Tapi, sayang, Cruyff yang pernah menjadi motor tim nasional
Belanda ke final Kejuaraan Piala Dunia 1974 tidak turun di
gelanggang yang sama di Argentina, Juni 1978. Tak jelas
alasannya, mengapa ia menolak memperkuat tim nasional Belanda.
Kabar selentingan yang terdengar, ia mau bermain untuk
negerinya, jika Ratu Juliana sendiri yang memmta dirinya
bermain.
Tingkah Cruyff, yang menjadi topik pembicaraan, bukan itu saja.
Di lapangan, ia dikecam sebagai pemain yang gemar memprotes
wasit. Tidak jarang ia harus dikeluarkan dari lapangan akibat
perilaku itu. Lihat saja, ketika final Piala Dunia 1974. Ia
terpaksa diberi kartu kuning oleh wasit, gara-gara ia memprotes
pimpinan pertandingan.
Tapi Cruyff dengan segala polanya itu tetap disanjung, dikenang,
dan tak jarang diancam penggemar sepakbola. Ketika ia menyatakan
tekad untuk pindah ke klub Barcelona, salah seorang pemujanya di
Belanda mengancam akan menculik isteri dan anaknya. Cruyff
menikah dengan Danny, puteri jutawan Cor Coster. Ia, dikaruniai
2 orang puteri, Chantal dan Suzie, serta seorang putera, Jordie.

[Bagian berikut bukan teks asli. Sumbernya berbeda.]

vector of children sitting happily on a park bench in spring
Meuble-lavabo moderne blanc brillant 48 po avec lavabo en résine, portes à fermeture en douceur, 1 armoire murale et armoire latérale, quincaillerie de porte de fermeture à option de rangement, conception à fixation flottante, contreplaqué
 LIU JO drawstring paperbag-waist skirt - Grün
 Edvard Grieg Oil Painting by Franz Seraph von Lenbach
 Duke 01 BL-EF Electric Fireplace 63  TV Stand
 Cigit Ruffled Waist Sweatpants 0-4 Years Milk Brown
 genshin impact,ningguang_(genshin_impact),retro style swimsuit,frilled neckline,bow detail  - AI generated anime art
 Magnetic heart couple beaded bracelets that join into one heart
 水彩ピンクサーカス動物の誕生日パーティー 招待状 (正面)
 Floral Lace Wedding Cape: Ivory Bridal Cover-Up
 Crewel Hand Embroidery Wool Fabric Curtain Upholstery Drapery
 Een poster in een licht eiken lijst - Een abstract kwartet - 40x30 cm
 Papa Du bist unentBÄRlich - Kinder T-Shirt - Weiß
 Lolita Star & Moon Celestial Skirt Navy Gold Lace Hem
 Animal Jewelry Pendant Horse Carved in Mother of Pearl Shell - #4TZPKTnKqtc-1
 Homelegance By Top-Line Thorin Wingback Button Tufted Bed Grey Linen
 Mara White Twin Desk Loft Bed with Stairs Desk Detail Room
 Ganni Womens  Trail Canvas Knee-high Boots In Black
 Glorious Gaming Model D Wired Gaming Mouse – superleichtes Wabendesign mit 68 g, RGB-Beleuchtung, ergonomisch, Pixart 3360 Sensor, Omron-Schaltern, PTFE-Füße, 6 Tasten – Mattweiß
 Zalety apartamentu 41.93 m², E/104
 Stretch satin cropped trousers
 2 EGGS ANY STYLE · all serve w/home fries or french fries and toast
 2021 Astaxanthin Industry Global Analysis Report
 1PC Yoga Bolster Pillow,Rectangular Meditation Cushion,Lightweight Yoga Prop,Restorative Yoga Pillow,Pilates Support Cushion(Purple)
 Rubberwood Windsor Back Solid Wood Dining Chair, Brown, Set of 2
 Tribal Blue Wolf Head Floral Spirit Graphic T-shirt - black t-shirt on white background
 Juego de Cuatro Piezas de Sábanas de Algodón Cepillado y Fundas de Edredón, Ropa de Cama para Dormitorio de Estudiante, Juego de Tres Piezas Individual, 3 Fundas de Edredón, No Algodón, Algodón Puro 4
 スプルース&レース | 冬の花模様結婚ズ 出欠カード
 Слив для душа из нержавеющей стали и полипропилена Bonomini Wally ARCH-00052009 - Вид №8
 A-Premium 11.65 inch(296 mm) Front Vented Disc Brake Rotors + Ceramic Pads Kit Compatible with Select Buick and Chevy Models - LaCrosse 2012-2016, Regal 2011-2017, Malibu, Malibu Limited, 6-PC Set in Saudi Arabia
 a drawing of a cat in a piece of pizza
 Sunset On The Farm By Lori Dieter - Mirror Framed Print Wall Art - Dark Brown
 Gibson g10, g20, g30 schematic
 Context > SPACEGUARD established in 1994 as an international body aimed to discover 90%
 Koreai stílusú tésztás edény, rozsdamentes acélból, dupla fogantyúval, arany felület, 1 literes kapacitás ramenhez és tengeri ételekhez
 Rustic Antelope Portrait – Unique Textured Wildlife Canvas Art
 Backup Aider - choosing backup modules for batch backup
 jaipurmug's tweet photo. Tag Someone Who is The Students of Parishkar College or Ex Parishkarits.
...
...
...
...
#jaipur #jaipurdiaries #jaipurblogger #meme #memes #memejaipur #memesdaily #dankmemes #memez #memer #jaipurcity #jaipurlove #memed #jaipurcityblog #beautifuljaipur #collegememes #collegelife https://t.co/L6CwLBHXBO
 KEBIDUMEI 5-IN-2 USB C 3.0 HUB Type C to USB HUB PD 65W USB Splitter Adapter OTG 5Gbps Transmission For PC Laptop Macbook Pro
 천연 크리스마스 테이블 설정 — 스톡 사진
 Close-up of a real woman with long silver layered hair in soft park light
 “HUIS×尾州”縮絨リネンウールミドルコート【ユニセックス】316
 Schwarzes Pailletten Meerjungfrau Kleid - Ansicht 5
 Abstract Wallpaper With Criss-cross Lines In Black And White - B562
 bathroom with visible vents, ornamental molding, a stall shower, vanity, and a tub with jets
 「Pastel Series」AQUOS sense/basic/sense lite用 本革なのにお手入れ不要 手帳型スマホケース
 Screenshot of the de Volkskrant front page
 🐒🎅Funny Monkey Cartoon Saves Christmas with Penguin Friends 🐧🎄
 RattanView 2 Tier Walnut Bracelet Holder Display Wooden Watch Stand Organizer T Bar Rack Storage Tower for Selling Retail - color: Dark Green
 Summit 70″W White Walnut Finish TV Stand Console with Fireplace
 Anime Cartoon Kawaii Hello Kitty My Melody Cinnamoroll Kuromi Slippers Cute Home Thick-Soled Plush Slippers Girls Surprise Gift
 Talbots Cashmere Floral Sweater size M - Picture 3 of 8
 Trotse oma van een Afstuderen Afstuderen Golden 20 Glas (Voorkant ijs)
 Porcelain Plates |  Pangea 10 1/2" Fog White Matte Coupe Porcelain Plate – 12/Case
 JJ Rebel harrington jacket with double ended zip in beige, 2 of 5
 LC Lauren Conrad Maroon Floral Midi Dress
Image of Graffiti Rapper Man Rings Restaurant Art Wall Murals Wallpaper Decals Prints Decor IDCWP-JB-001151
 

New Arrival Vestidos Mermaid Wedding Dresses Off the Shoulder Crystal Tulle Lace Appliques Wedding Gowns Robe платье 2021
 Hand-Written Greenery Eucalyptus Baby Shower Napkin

Di Spanyol nasibnya pun tak berbeda. Dalam hal pendapatan, ia
dibeli oleh klub Barcelona seharga 2 juta dollar AS. Perkara
ancaman maupun maki-maki, terutama bila klubnya kalah, baginya
sama saja. "Antara puji dan maki itu cuma terletak antara 1 gol
saja," kata Cruyff Setelah mengundurkan sebagai pemain, ia
bercita-cita menjadi konsultan sepak bola.